WHAT THE EXERCISE ASKS:
All pictures must be dropped, while the entries are given again word for word.

RECORDS FOR THIS EXERCISE:
○ ○ ○ ○
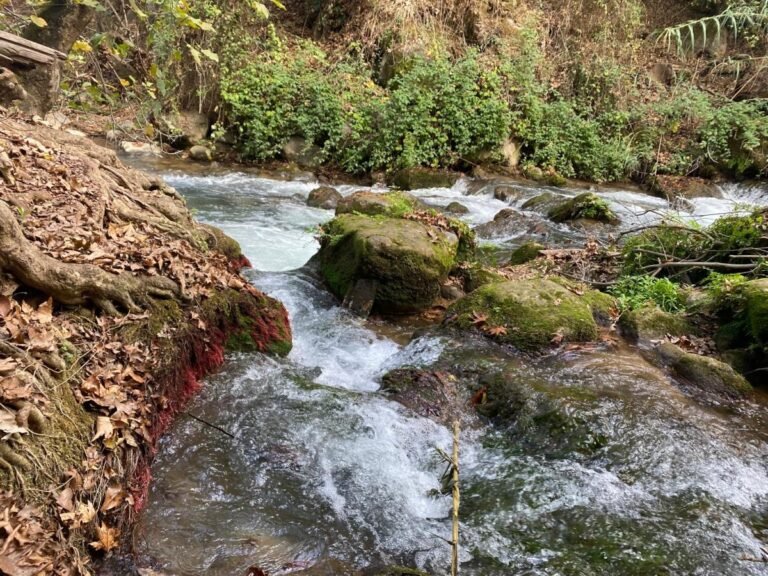 בשורה למטיילי פסח: מסלול הטנק הסורי בבניאס נפתח מחדש 974613.jpeg
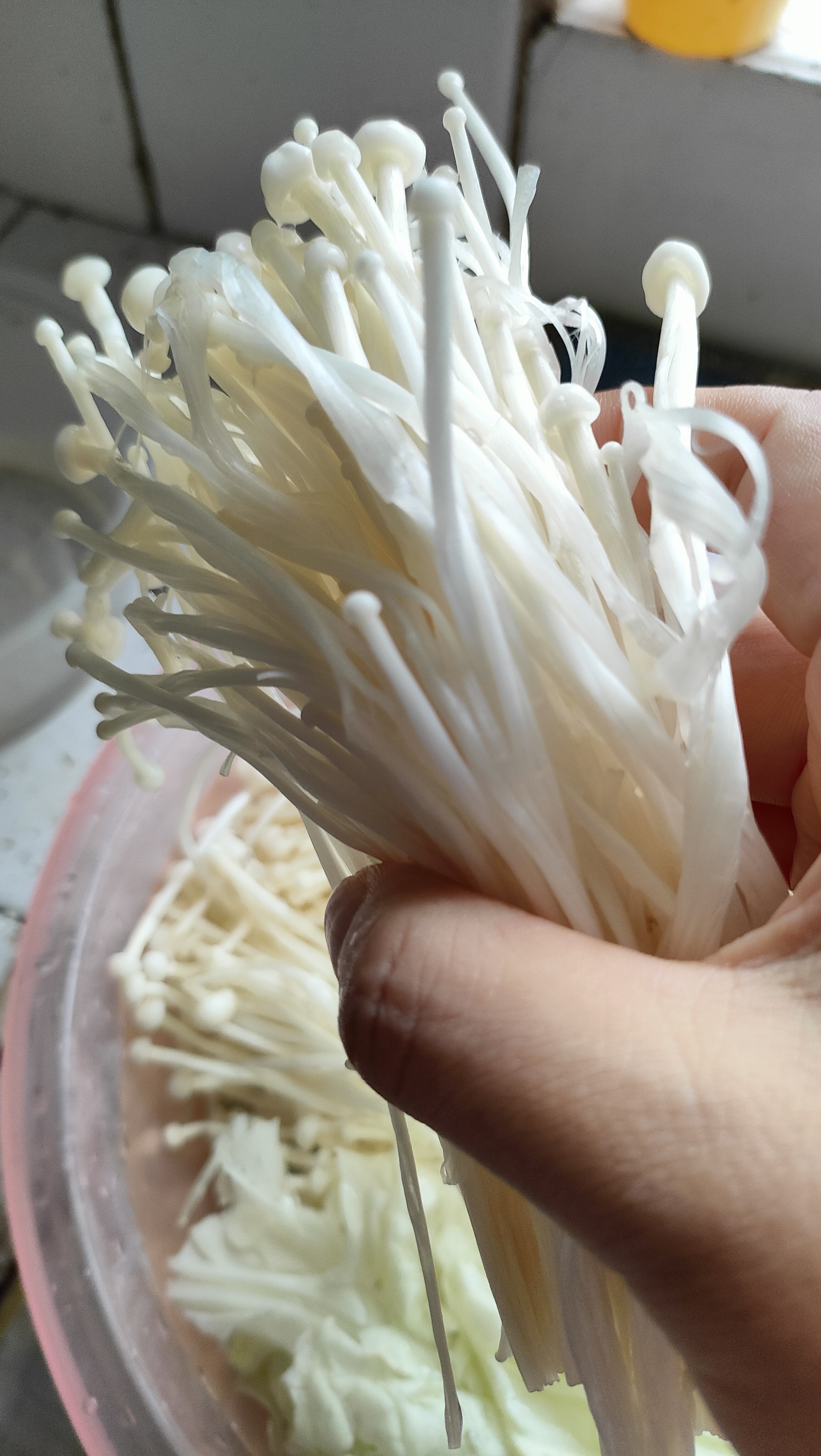 金针菇头部发黑但身子白白净净,这是好的还是坏了?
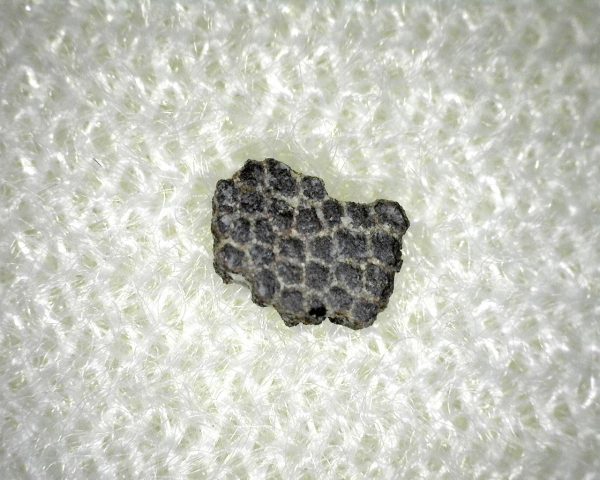 Genuine Permian Shark Skin Ossicle For Sale #2a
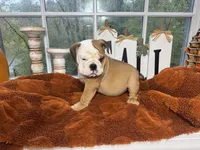 Po, a male English Bulldog for sale in Richmond, VA – 4 of 4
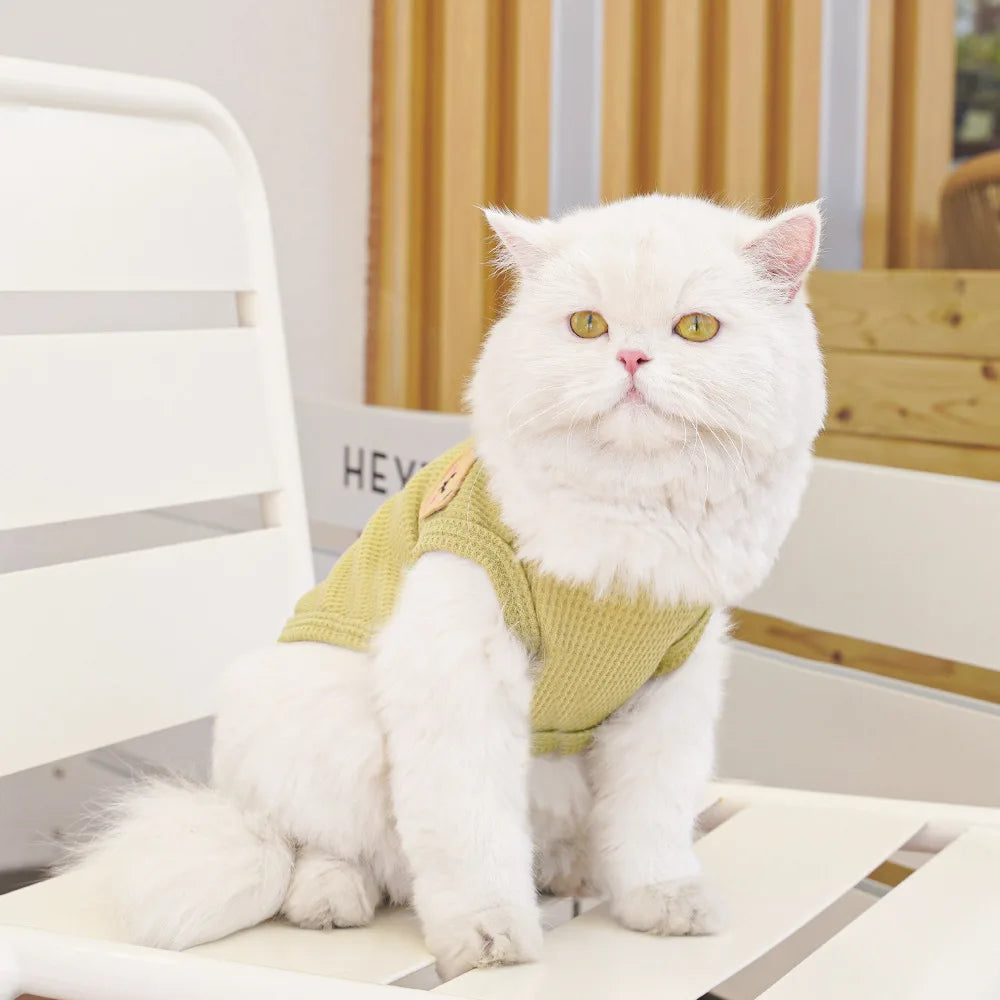Gilet Ours Douillet Pour Chat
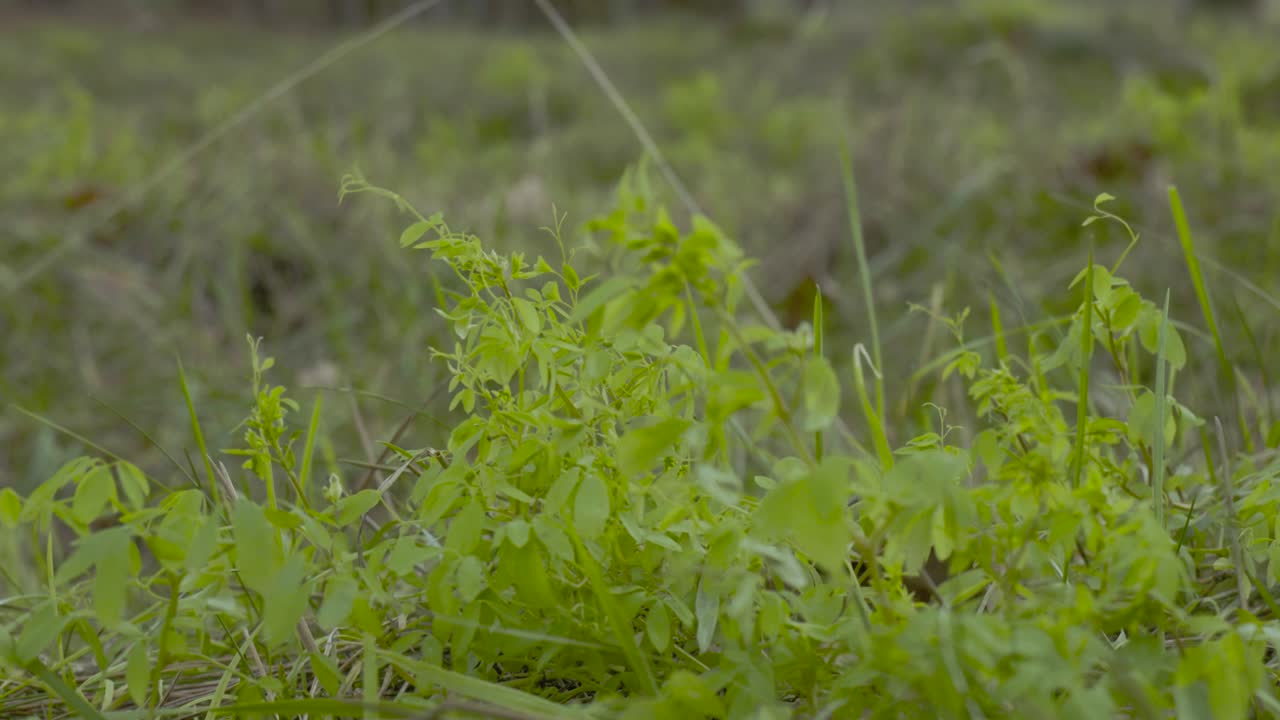 las hojas verdes de los árboles se mecen con el viento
○ ○ ○ ○
RESPONSE TO THE TASK:
 בשורה למטיילי פסח: מסלול הטנק הסורי בבניאס נפתח מחדש 974613.jpeg
 金针菇头部发黑但身子白白净净,这是好的还是坏了?
 Genuine Permian Shark Skin Ossicle For Sale #2a
 Po, a male English Bulldog for sale in Richmond, VA – 4 of 4
Gilet Ours Douillet Pour Chat
 las hojas verdes de los árboles se mecen con el viento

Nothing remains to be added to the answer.